# DARK Base pro 900 Rev 2 Front Panel und Lüfter Hub



## Noel1987 (16. Januar 2022)

Hi liebes bei quiet Team 
Erst Mal muss ich euch sagen das ihr mit diesem Gehäuse echt gut Arbeit geleistet habt und auch der Bau des Rechners sehr viel Spaß macht 

Dennoch bräuchte ich ein paar Infos von euch 

Es geht ein SATA Strom Stecker zum Front Panel 
Wofür ist der ? Weder USB noch die Stecker benötigen für die Schalter benötigen normalerweise Strom oder ist das weil das alles über die Platine läuft ?
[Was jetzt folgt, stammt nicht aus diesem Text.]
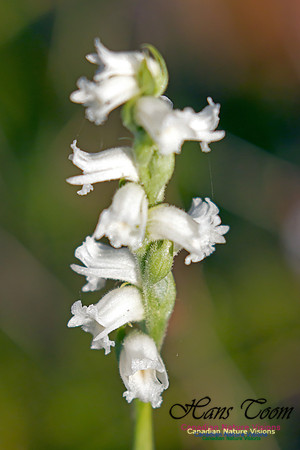 Yellow Ladies'-Tresses Orchid 2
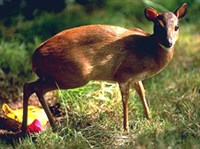 КАРЛИКОВАЯ АНТИЛОПА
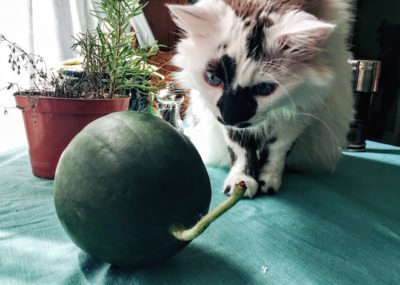 Coco And The Watermelon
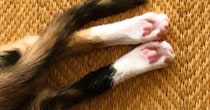 アイスコーヒーをいれて戻ったら、『子猫』が…想定外な『可愛すぎる行動』に１万いいね「ちくわとキュウリのようなｗ」「表情が素敵」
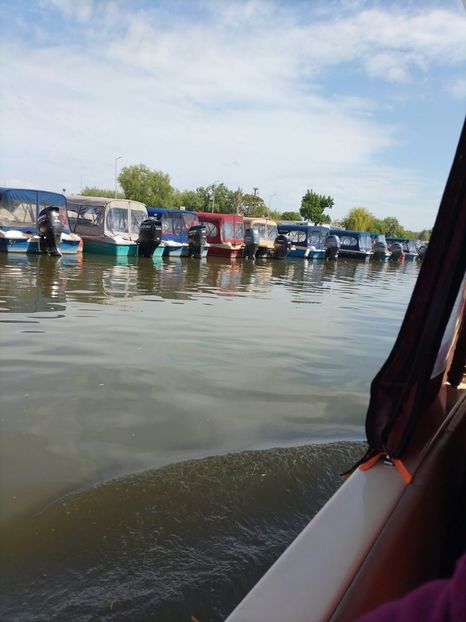 Imagine WhatsApp 2025-05-23 la 10.28.33_3ef81b23 - 2025 Delta Dunării 22 MAI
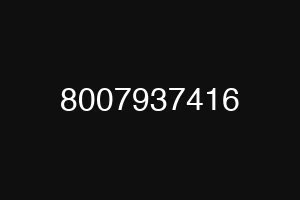 8007937416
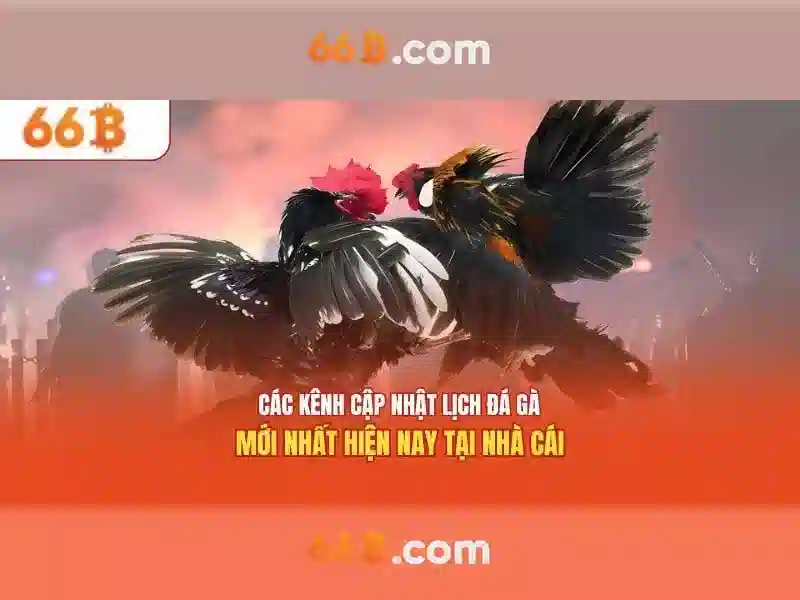  app chơi slot - 66B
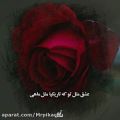 عکس کلیپ سال نو مبارک.دکلمه تبریک سال نو.نماهنگ سال نو مبارک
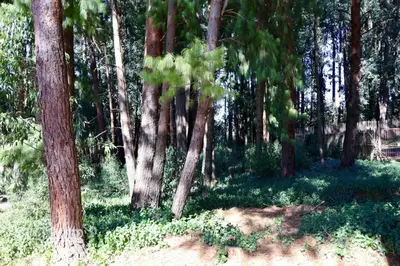 a forest filled with trees and green plants at Tall Trees in Dullstroom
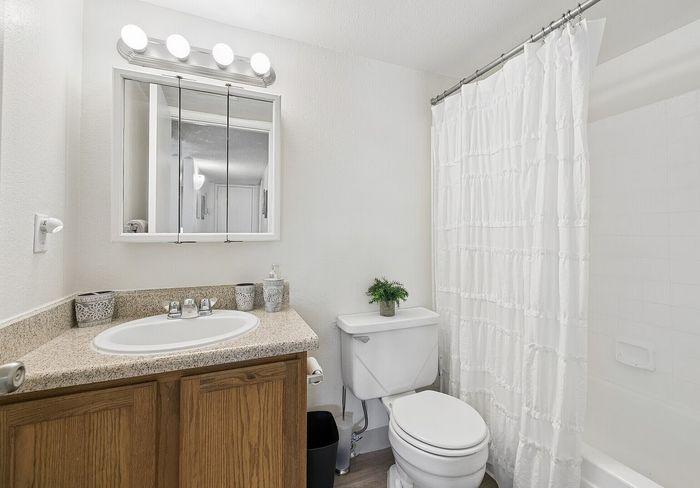 Elegant bathroom featuring a modern vanity with granite countertop, sleek mirror cabinets, and a charming shower curtain.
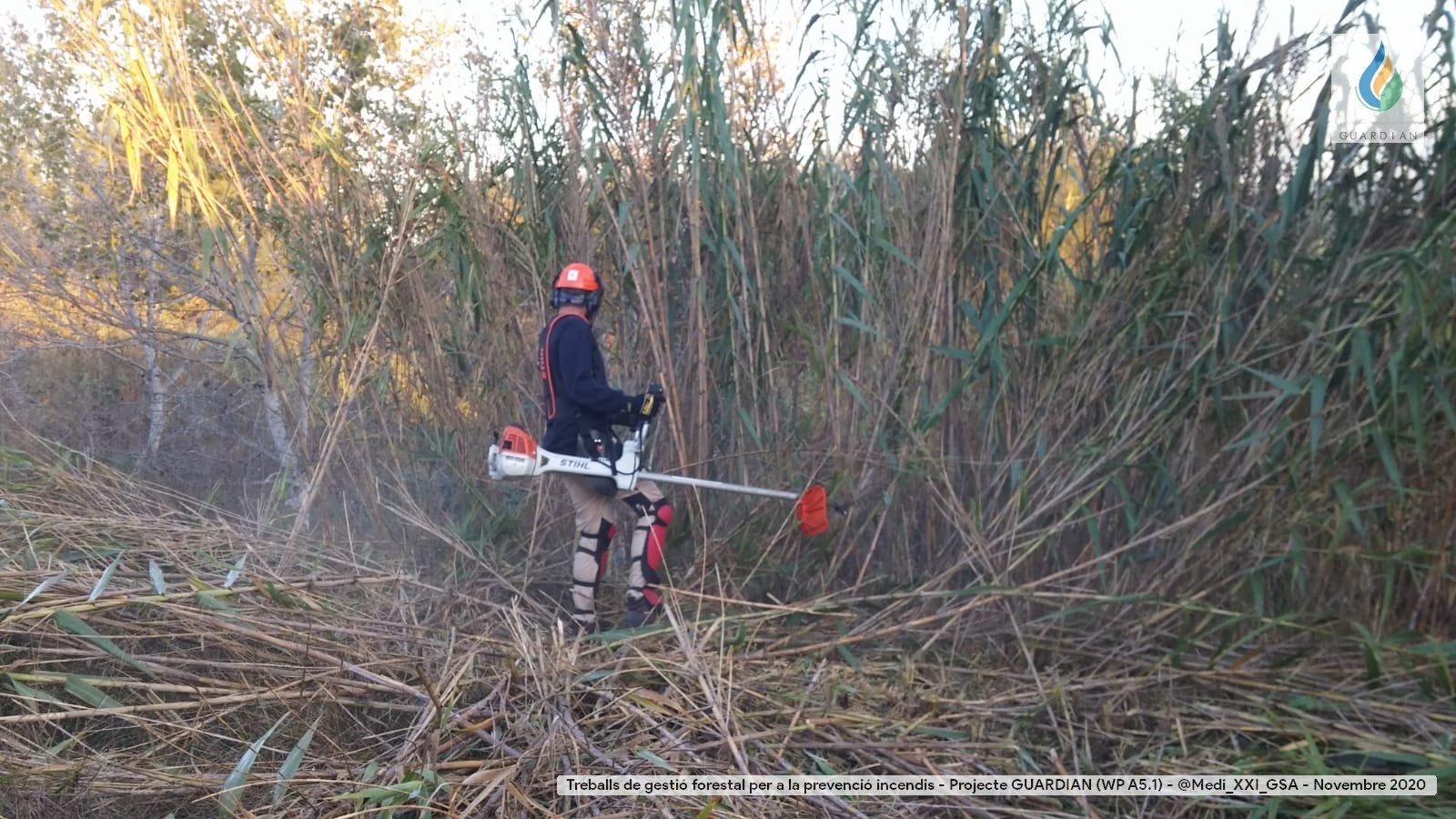 forst works cane filed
Das zweite ist ich benötige die Lüftersteuerung nicht, da ich meine pumpe und Lüfter über den quadro von Aquacomputer steuere , was über Windows halt die viel bessere Wahl ist (in meinem Fall) 
Jetzt kommt aber das Problem das die kabellose Ladefläche an diesem mit dran ist 

Gibt der Lüfter Hub nur die 12 v weiter ?
Würde mir sonst einen SATA Stecker anlöten. Damit könnte ich die komplette Lüftersteuerung von euch entfernen und sogar ein paar Kabel einsparen 

Alleine nur für das kabellose laden nimmt mir die Lüfter Hub Platine zu viel Platz weg die ich besser nutzen könnte
Gruß

Edit das kabellose laden hat 5v und GRD 
Aber sie hat auch 12v und GRD 
Ich glaube ich lasse sie raus


----------